* THE TASK
Write out the whole listing again so that each line matches the original.

* DATA PROVIDED
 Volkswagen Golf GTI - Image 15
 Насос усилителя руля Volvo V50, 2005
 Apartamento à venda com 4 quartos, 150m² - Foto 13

* SOLUTION
 Volkswagen Golf GTI - Image 15
 Насос усилителя руля Volvo V50, 2005
 Apartamento à venda com 4 quartos, 150m² - Foto 13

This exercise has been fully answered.